*Assignment*: Within the material below, transcribe exactly the lines from the one holding "LeRoys Asymod 7" through the one holding "Nuuk and Northern lights.", keeping both ends and skipping the rest.

* * *

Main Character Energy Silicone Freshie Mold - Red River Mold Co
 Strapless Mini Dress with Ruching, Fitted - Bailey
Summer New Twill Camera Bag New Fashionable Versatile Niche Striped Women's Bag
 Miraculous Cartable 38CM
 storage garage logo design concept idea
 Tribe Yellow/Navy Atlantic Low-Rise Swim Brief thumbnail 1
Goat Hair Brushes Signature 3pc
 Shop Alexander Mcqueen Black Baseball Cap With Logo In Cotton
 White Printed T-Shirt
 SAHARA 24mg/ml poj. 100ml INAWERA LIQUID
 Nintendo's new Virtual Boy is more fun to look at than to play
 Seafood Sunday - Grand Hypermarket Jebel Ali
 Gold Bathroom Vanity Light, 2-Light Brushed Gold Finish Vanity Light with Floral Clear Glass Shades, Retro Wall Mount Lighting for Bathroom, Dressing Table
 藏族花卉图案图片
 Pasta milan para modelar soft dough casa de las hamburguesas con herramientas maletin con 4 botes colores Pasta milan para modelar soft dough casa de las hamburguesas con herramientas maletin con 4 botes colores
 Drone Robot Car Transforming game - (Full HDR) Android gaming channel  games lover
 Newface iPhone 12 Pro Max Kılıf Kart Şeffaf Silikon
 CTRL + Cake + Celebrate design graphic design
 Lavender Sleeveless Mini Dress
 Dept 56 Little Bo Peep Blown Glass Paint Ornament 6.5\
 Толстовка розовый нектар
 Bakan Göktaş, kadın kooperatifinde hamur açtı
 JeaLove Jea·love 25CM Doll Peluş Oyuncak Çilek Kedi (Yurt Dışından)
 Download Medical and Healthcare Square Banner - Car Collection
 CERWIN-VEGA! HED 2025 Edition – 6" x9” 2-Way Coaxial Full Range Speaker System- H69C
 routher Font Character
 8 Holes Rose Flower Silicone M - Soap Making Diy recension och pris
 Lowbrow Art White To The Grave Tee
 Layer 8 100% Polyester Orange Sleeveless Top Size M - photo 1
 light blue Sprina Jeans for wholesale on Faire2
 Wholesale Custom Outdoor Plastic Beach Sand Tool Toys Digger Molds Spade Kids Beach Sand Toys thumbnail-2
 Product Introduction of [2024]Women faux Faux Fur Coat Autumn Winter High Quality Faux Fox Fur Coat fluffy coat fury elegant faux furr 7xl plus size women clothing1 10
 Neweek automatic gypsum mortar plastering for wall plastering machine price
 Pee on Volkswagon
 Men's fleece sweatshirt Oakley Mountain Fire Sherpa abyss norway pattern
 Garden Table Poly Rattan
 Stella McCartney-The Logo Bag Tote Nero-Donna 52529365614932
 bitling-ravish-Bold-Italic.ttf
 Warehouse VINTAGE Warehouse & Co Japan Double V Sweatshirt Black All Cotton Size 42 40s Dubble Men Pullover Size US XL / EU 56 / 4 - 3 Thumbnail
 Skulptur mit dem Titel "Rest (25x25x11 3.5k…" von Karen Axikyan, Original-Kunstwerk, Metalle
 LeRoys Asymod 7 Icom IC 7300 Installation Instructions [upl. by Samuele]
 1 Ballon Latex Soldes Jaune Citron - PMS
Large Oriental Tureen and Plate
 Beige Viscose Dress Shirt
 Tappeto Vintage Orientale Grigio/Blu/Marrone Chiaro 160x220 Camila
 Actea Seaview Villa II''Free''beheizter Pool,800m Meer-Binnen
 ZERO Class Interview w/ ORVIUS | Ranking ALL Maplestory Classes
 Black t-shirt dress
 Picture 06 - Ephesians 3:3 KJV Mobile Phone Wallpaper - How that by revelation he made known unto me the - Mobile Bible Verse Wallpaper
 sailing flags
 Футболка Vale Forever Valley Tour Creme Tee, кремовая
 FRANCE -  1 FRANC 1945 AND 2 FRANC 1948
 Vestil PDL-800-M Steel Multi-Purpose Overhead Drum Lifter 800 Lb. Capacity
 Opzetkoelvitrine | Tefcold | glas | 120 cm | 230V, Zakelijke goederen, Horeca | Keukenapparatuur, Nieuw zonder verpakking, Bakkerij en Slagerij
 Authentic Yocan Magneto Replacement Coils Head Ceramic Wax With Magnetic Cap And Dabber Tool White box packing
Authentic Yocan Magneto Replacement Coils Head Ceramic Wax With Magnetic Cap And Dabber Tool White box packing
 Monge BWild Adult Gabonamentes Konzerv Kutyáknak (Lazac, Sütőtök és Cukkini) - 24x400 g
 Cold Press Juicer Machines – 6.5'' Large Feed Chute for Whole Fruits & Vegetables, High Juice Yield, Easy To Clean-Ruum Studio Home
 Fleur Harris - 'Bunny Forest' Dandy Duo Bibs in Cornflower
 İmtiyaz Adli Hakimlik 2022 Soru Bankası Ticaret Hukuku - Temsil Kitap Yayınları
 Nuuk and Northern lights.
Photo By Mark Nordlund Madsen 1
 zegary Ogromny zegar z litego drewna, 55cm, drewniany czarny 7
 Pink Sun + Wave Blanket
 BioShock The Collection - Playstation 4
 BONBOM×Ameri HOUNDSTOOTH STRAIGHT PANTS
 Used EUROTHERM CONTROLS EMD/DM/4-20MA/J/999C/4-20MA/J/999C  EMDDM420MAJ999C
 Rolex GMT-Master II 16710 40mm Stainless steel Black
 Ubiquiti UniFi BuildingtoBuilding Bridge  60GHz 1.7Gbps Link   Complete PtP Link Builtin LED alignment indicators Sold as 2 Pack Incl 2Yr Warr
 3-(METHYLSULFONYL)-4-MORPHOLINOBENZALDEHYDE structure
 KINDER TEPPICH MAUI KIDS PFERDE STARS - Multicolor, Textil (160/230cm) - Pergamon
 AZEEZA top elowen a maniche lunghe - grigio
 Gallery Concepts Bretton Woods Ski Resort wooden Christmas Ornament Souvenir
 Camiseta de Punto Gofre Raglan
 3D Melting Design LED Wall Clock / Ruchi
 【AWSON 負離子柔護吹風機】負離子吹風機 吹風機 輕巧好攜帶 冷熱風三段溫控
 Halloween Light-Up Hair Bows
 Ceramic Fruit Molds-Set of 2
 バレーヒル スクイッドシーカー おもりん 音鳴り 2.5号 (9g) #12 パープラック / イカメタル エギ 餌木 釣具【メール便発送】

* * *

*Reply*:
 LeRoys Asymod 7 Icom IC 7300 Installation Instructions [upl. by Samuele]
 1 Ballon Latex Soldes Jaune Citron - PMS
Large Oriental Tureen and Plate
 Beige Viscose Dress Shirt
 Tappeto Vintage Orientale Grigio/Blu/Marrone Chiaro 160x220 Camila
 Actea Seaview Villa II''Free''beheizter Pool,800m Meer-Binnen
 ZERO Class Interview w/ ORVIUS | Ranking ALL Maplestory Classes
 Black t-shirt dress
 Picture 06 - Ephesians 3:3 KJV Mobile Phone Wallpaper - How that by revelation he made known unto me the - Mobile Bible Verse Wallpaper
 sailing flags
 Футболка Vale Forever Valley Tour Creme Tee, кремовая
 FRANCE -  1 FRANC 1945 AND 2 FRANC 1948
 Vestil PDL-800-M Steel Multi-Purpose Overhead Drum Lifter 800 Lb. Capacity
 Opzetkoelvitrine | Tefcold | glas | 120 cm | 230V, Zakelijke goederen, Horeca | Keukenapparatuur, Nieuw zonder verpakking, Bakkerij en Slagerij
 Authentic Yocan Magneto Replacement Coils Head Ceramic Wax With Magnetic Cap And Dabber Tool White box packing
Authentic Yocan Magneto Replacement Coils Head Ceramic Wax With Magnetic Cap And Dabber Tool White box packing
 Monge BWild Adult Gabonamentes Konzerv Kutyáknak (Lazac, Sütőtök és Cukkini) - 24x400 g
 Cold Press Juicer Machines – 6.5'' Large Feed Chute for Whole Fruits & Vegetables, High Juice Yield, Easy To Clean-Ruum Studio Home
 Fleur Harris - 'Bunny Forest' Dandy Duo Bibs in Cornflower
 İmtiyaz Adli Hakimlik 2022 Soru Bankası Ticaret Hukuku - Temsil Kitap Yayınları
 Nuuk and Northern lights.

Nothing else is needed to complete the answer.